Outlets such as Starbucks, Pizza Hut and KFC, apparel retailers, and even large-format stores Westside and Max, which are typically anchor stores in malls, are eyeing high-street locations, Anarock said in a report.
In addition, retailers are showing a growing preference towards opening stores in smaller towns over metros.
“Brands are also eyeing tier II and III cities, where consumer demand has grown significantly in the last few years, particularly during the pandemic,” said Renjhen of Anarock Retail.
Attractive rentals
A drop in rentals and availability of retail space are driving store openings by major retailers. Huge losses incurred over the past year have led to the closure of smaller stores and businesses, freeing up space in high-street locations and shopping malls.
“Well-funded companies and large players who have deep pockets are expanding stores rapidly. Also, value fashion retailers and hypermarkets are actively scouting for spaces,” said Pani of JLL India.

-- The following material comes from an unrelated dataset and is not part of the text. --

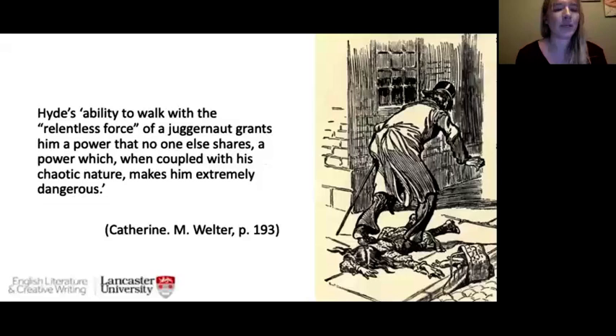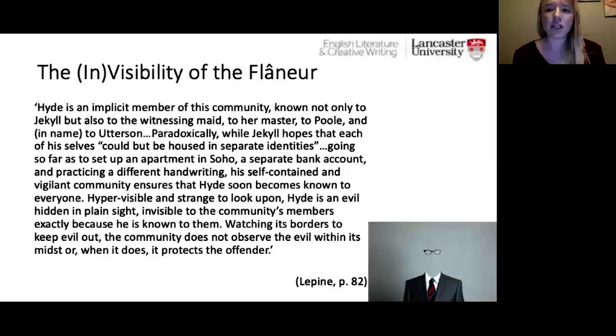Catherine M. Welter argues that 'Hyde's ability to walk with the relentless force of a juggernaut grants him a power that no one else shares — which, when coupled with his chaotic nature, makes him extremely dangerous.' His dangerousness is rooted in his ability to break social norms and disrupt the peaceful bourgeois notions of flânerie. He is the flâneur taken to the most extreme and intrusive degree — no longer content to simply observe, he dominates the city and feels superior to its inhabitants.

According to industry estimates, rentals at high-street locations such as Linking Road in Mumbai and Connaught Place in New Delhi have dropped by 10-20 percent. Retailers pay Rs 700 per square foot per month as rent on Linking Road compared with Rs 900-1,000 in pre-pandemic times. In Connaught Place, rents are now Rs 800-900 per sq. ft. as opposed to Rs 1,000-1,100 previously.
Many retailers have been able to negotiate good deals with property owners.
“New retail rental deals are now being crafted keeping in view the pandemic-infused lockdowns, so the revenue-share model has become more prevalent,” said Renjhen.